#### Prompt
Please return the data that follows precisely as written, but without the images.

#### Provided records
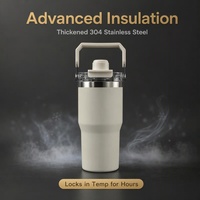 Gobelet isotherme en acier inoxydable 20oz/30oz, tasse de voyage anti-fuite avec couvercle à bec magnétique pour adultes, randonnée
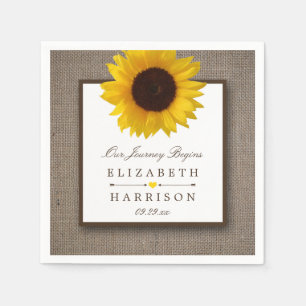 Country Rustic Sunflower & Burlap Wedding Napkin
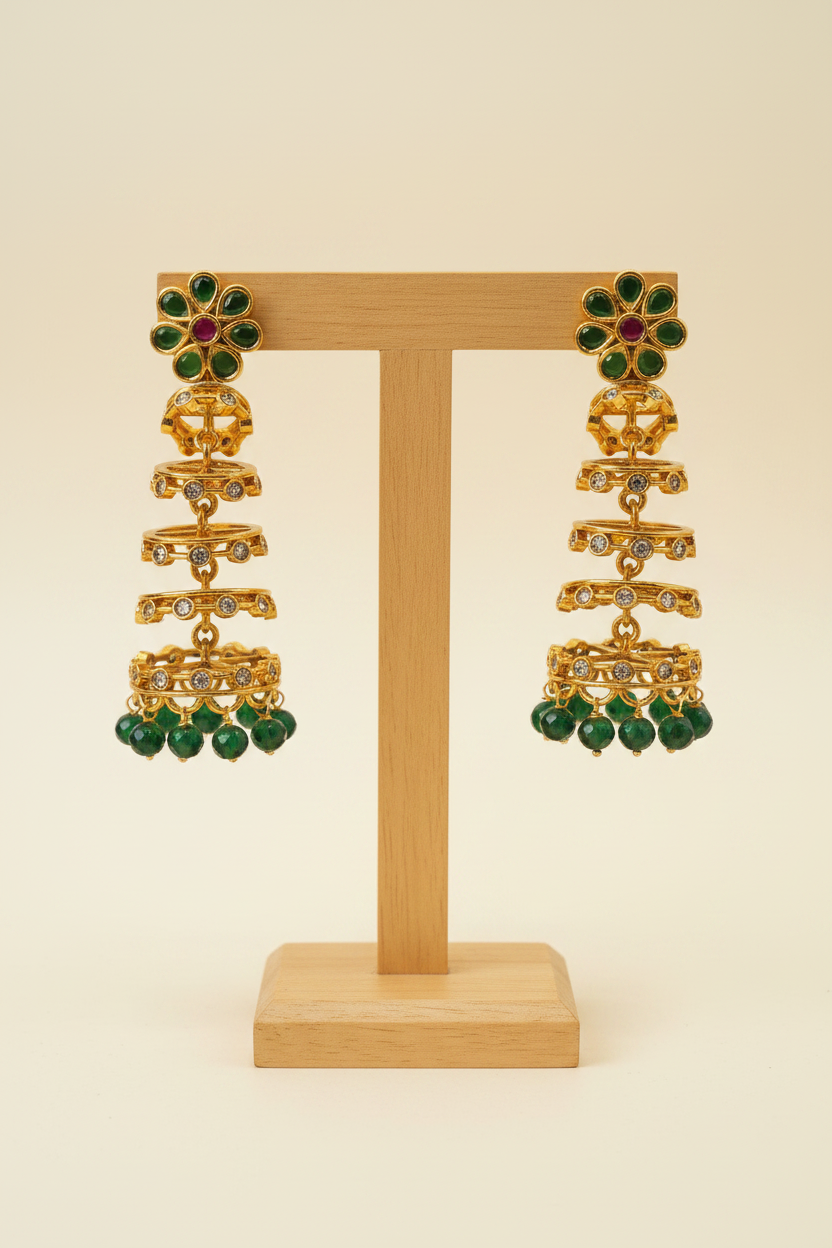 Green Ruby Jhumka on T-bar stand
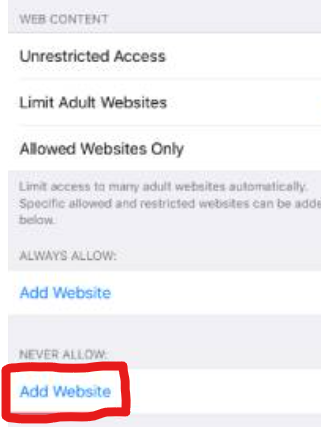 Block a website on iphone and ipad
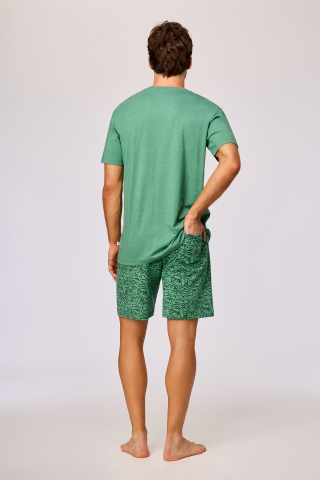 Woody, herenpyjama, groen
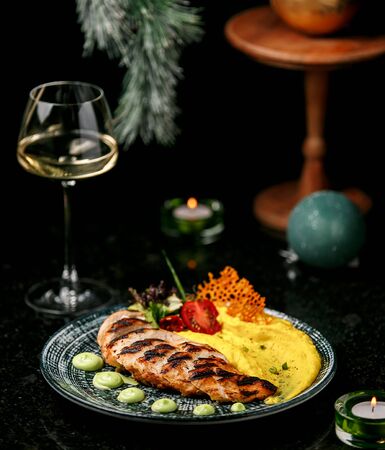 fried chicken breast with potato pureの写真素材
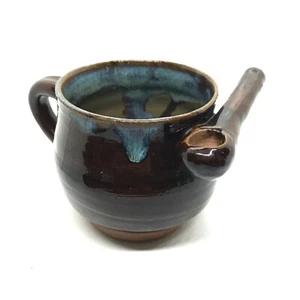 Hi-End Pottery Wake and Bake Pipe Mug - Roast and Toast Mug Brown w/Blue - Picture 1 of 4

#### Answer to the exercise
 Gobelet isotherme en acier inoxydable 20oz/30oz, tasse de voyage anti-fuite avec couvercle à bec magnétique pour adultes, randonnée
 Country Rustic Sunflower & Burlap Wedding Napkin
 Green Ruby Jhumka on T-bar stand
 Block a website on iphone and ipad
 Woody, herenpyjama, groen
 fried chicken breast with potato pureの写真素材
 Hi-End Pottery Wake and Bake Pipe Mug - Roast and Toast Mug Brown w/Blue - Picture 1 of 4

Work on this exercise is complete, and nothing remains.